[Opening Source data section]
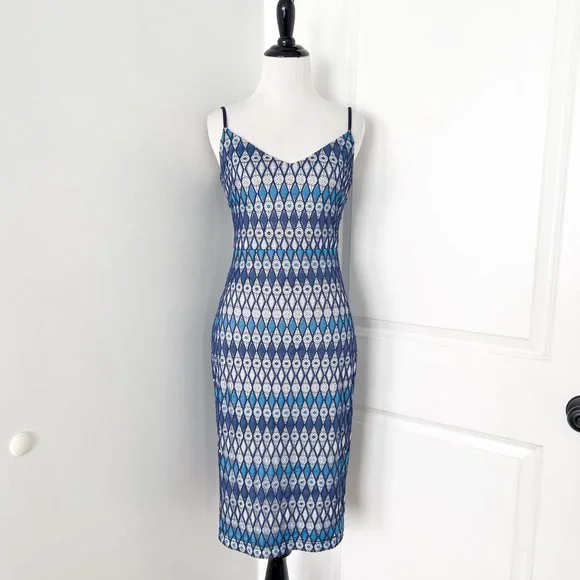 guess blue and white dress Guess Girls Poplin Striped Lemons Dress in Blue main image 0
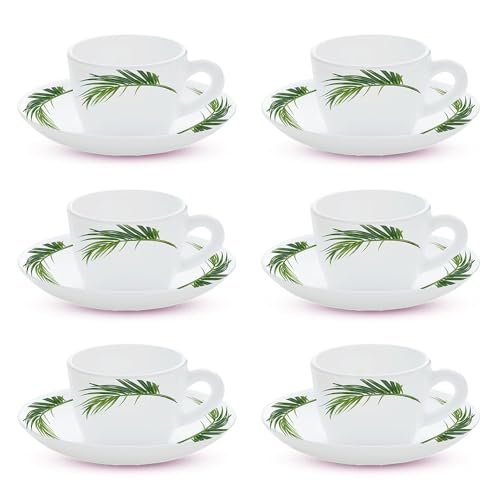 Larah by BOROSIL Crescent Opalware Cup and Saucer Set of 12 pcs | Tea/Coffee Cups 140 ml | Microwave & Dishwasher Safe | Bone-Ash Free | Crockery Set Ideal for Daily Use & Gifting, White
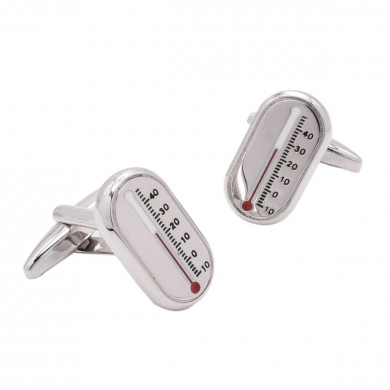 Silver Thermometer Cufflinks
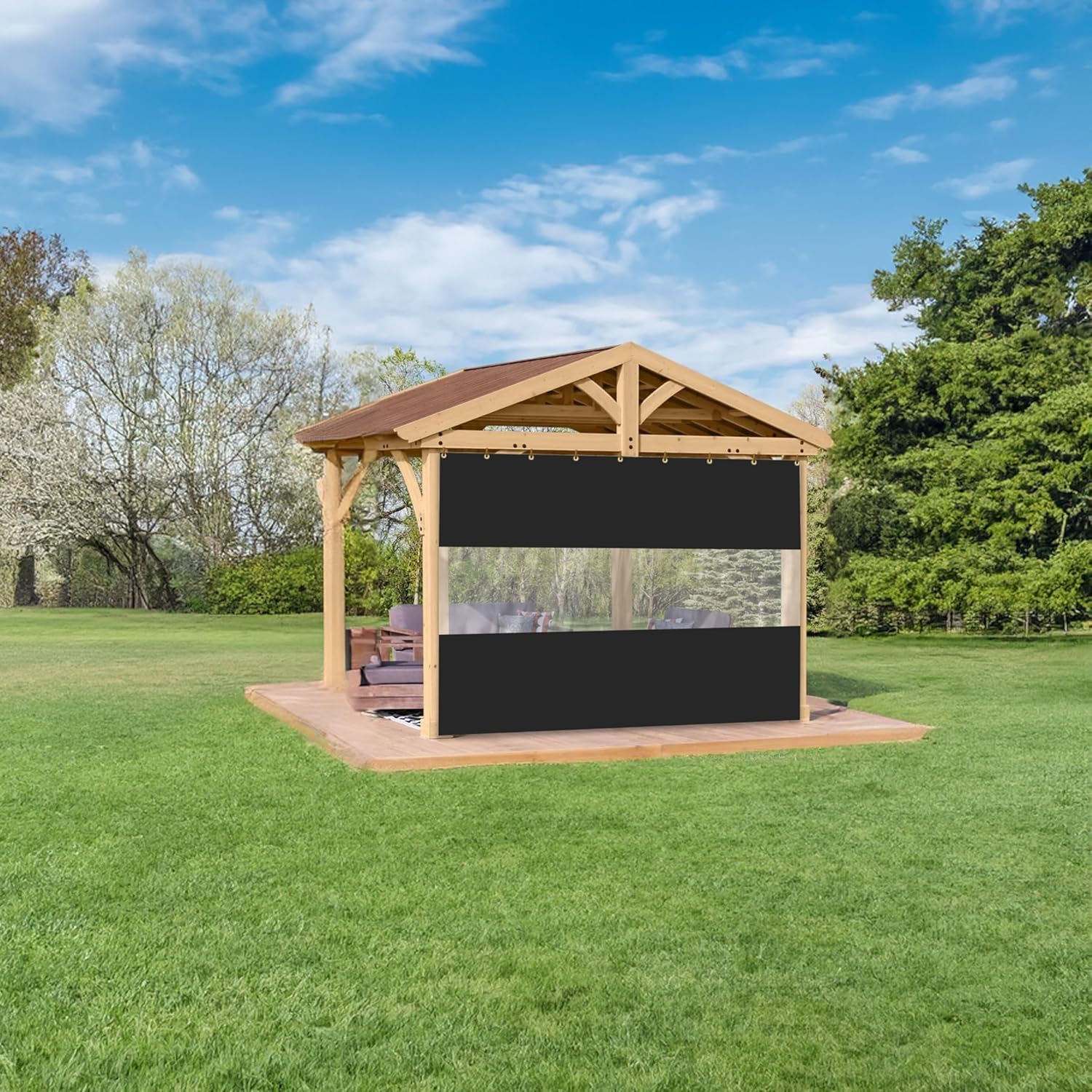 Covers & All Custom Outdoor Curtains for Patio Waterproof, 18 oz PVC Polyester Tear and UV Resistant Clear Panel Curtain Featuring Rust-Free Grommets, Ideal for Patios, and Pergola - Image 5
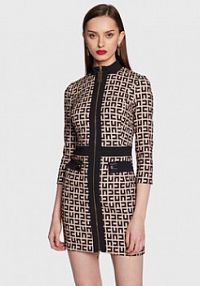 Sukienka koktajlowa Elisabetta Franchi beżowa 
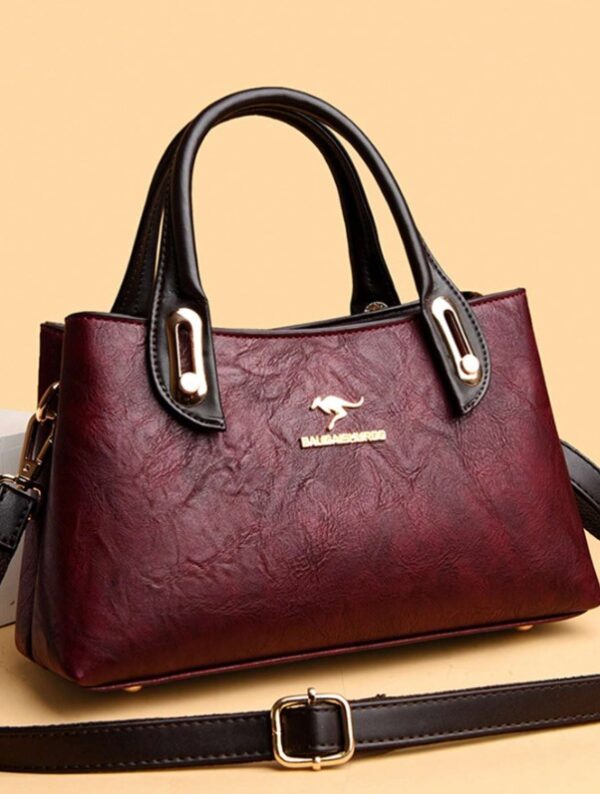 Sac à main en cuir souple de grande capacité à la mode – Image 12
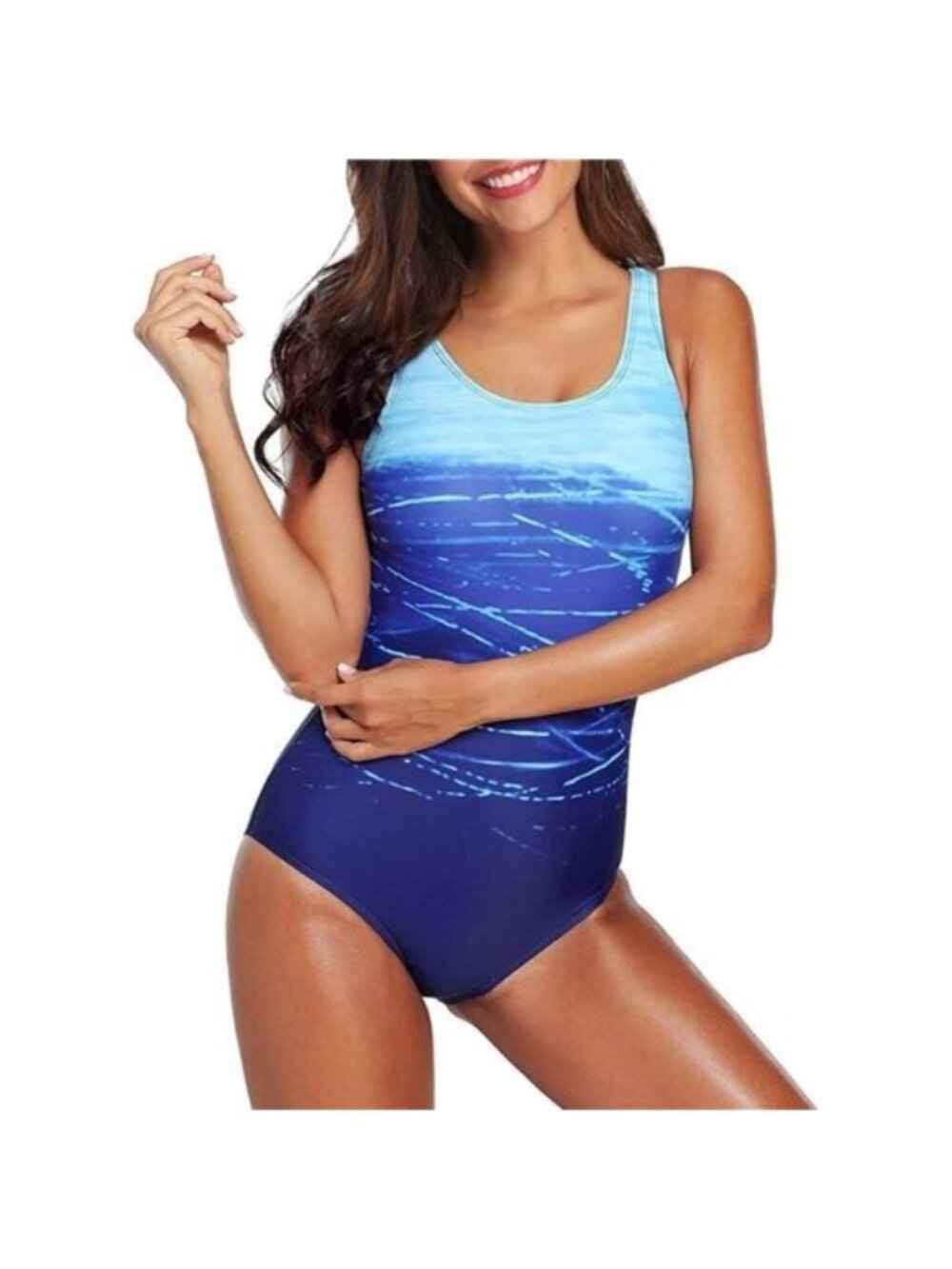 Women's One Piece Bathing Suit Crisscross Back Swimsuit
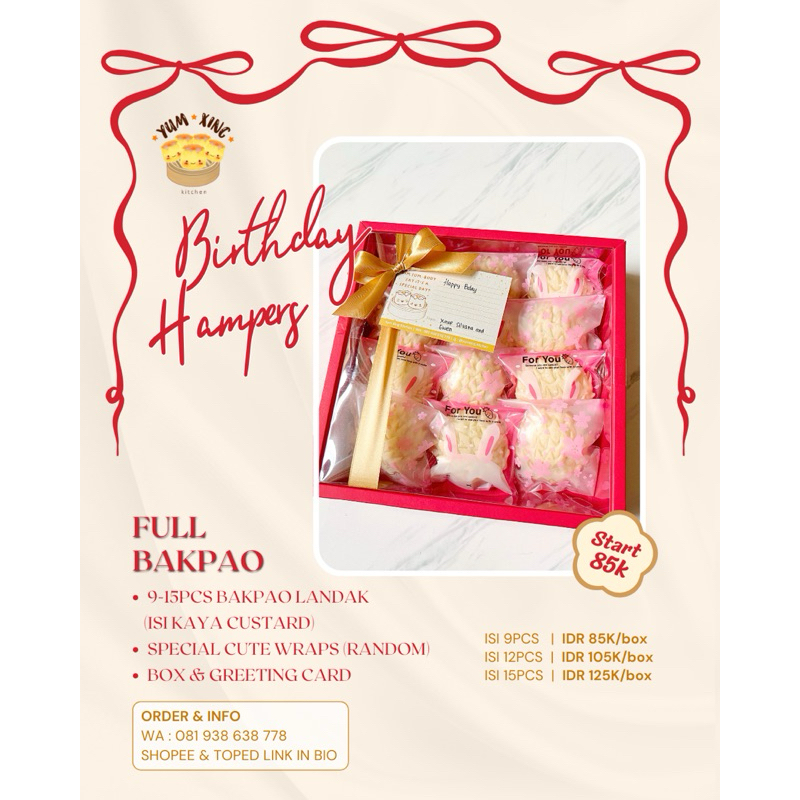 

HAMPERS BIRTHDAY ULTAH - Full Bakpao Landak isi Kaya Custard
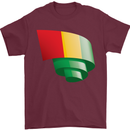 Curled Guinea Flag Guinean Day Football Mens T-Shirt 100% Cotton Maroon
[Closing Source data section]
Skipping every picture, reproduce the records word for word.

 guess blue and white dress Guess Girls Poplin Striped Lemons Dress in Blue main image 0
 Larah by BOROSIL Crescent Opalware Cup and Saucer Set of 12 pcs | Tea/Coffee Cups 140 ml | Microwave & Dishwasher Safe | Bone-Ash Free | Crockery Set Ideal for Daily Use & Gifting, White
 Silver Thermometer Cufflinks
 Covers & All Custom Outdoor Curtains for Patio Waterproof, 18 oz PVC Polyester Tear and UV Resistant Clear Panel Curtain Featuring Rust-Free Grommets, Ideal for Patios, and Pergola - Image 5
 Sukienka koktajlowa Elisabetta Franchi beżowa 
 Sac à main en cuir souple de grande capacité à la mode – Image 12
 Women's One Piece Bathing Suit Crisscross Back Swimsuit

HAMPERS BIRTHDAY ULTAH - Full Bakpao Landak isi Kaya Custard
 Curled Guinea Flag Guinean Day Football Mens T-Shirt 100% Cotton Maroon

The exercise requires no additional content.